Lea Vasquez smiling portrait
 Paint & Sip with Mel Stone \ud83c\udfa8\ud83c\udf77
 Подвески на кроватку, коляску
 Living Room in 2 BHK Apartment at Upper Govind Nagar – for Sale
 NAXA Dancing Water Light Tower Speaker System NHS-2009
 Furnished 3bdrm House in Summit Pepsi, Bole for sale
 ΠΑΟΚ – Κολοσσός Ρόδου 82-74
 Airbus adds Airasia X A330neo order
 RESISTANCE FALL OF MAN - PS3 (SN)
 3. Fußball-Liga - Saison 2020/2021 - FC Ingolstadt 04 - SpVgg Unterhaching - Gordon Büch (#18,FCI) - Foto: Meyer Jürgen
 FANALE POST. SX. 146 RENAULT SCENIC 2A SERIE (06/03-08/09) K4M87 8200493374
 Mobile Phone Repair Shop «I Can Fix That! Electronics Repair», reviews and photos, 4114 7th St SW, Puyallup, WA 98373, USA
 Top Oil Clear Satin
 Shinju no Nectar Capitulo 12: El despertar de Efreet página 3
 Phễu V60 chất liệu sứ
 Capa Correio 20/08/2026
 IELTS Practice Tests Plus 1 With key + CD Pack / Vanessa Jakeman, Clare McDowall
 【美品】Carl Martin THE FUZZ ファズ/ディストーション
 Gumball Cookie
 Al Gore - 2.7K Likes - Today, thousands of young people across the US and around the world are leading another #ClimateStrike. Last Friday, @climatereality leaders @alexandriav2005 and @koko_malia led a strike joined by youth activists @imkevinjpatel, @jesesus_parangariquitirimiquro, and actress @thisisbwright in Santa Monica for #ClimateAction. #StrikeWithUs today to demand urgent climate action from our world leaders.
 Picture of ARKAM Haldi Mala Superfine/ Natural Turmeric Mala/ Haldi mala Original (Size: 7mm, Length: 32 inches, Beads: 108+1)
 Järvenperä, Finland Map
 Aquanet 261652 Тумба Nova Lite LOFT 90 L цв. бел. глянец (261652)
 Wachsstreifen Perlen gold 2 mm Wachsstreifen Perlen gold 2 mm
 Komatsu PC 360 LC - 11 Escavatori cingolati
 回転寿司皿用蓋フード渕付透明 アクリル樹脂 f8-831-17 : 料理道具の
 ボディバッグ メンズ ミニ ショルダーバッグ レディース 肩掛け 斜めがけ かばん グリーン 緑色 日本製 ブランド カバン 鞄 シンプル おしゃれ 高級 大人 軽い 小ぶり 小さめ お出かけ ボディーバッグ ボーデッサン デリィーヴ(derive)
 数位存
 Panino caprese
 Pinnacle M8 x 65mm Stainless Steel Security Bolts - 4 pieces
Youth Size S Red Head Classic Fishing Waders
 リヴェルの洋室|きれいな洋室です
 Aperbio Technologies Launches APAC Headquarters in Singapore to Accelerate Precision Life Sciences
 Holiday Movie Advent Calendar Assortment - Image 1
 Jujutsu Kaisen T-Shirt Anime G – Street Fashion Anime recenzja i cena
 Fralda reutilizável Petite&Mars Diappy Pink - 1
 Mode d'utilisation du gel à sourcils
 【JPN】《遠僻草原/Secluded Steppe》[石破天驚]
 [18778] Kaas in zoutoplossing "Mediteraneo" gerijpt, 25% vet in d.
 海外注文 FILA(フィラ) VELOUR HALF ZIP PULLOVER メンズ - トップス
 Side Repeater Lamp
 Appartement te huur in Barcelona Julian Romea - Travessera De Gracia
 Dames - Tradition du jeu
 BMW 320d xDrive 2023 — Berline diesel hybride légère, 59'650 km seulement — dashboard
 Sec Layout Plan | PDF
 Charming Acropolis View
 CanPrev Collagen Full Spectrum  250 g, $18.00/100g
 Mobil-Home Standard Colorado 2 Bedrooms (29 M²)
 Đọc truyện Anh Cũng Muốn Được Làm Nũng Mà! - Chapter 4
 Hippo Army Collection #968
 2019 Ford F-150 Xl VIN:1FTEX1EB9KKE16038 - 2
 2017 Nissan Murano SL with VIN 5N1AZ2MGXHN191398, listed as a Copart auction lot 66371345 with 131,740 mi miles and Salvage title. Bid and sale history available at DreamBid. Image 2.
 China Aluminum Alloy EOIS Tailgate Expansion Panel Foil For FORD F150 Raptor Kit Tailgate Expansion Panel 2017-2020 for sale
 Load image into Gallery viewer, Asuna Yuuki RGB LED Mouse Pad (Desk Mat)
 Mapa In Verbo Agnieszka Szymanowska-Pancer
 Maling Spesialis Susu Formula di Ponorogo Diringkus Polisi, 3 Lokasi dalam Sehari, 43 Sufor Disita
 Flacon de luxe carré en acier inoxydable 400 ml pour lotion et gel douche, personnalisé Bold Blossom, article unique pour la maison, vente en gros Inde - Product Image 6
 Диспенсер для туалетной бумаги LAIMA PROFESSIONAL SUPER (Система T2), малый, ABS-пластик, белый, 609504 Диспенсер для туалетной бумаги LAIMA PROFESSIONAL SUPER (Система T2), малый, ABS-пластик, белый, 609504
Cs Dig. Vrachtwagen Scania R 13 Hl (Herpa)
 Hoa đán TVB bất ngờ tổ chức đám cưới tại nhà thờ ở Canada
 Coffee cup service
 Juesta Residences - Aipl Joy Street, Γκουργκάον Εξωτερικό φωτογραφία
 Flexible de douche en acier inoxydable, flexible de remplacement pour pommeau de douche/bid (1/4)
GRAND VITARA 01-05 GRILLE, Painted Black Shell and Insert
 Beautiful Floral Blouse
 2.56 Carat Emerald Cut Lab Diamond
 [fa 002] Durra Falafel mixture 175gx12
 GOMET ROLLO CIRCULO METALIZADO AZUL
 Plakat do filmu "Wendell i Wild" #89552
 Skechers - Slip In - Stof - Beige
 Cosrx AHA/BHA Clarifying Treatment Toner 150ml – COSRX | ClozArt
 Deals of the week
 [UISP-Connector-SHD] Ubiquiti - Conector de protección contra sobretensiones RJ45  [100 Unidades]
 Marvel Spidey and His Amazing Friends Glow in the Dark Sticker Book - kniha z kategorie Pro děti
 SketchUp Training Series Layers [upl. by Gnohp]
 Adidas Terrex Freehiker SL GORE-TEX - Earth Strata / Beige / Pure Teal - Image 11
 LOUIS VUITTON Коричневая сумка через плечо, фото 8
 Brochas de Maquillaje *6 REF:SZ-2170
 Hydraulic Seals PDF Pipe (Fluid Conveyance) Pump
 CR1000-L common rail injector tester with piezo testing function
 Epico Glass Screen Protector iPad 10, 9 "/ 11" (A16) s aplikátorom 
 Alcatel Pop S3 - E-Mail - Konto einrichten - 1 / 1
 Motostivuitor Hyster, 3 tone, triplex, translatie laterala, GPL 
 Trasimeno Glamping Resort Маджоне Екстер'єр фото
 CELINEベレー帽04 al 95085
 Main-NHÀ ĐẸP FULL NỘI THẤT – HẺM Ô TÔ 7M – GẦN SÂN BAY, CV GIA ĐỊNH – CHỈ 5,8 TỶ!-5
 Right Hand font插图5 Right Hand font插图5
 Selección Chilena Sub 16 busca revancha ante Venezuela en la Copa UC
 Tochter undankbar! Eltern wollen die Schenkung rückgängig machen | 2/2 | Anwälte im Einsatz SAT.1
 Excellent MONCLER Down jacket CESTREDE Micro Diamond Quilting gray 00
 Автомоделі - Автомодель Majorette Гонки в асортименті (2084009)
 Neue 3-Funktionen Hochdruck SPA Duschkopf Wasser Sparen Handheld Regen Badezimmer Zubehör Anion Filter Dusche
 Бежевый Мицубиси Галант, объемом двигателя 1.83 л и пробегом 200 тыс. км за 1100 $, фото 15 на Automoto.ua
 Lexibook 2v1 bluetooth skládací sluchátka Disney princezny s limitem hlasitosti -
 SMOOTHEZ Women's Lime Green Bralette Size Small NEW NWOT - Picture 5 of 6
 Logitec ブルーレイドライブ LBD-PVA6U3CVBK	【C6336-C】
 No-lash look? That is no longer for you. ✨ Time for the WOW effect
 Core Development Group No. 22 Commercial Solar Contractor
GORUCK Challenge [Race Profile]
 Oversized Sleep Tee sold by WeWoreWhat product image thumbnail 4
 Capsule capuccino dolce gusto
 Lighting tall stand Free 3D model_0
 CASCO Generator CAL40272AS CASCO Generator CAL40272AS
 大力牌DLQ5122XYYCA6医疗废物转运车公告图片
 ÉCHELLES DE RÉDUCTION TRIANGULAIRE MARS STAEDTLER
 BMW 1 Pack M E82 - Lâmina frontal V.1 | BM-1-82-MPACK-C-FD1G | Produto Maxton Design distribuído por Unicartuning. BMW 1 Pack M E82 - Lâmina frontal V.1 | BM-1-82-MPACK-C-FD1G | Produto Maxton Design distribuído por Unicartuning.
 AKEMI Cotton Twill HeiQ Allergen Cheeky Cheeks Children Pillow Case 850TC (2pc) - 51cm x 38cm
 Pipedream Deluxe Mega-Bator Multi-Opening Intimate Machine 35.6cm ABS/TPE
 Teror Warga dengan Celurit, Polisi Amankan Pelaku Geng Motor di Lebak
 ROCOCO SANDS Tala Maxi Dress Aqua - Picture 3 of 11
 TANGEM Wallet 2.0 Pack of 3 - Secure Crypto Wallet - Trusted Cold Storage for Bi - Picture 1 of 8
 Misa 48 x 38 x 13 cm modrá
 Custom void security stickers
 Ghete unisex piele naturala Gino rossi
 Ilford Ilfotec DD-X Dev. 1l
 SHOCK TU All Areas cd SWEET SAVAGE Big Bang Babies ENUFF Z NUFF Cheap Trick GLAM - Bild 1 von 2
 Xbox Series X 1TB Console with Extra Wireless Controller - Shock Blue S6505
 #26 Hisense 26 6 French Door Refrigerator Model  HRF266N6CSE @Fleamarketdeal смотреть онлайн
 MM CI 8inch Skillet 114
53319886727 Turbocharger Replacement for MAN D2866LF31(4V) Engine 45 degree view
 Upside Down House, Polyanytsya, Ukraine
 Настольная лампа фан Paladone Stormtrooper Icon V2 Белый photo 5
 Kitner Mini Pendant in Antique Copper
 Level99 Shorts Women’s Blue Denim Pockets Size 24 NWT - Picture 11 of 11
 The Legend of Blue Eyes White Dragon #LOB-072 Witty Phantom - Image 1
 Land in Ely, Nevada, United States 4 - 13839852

*Action item*
Using the data above, reproduce exactly the lines between those holding "Shinju no Nectar" and "Gumball Cookie", inclusive, and no others.

*Written response*
 Shinju no Nectar Capitulo 12: El despertar de Efreet página 3
 Phễu V60 chất liệu sứ
 Capa Correio 20/08/2026
 IELTS Practice Tests Plus 1 With key + CD Pack / Vanessa Jakeman, Clare McDowall
 【美品】Carl Martin THE FUZZ ファズ/ディストーション
 Gumball Cookie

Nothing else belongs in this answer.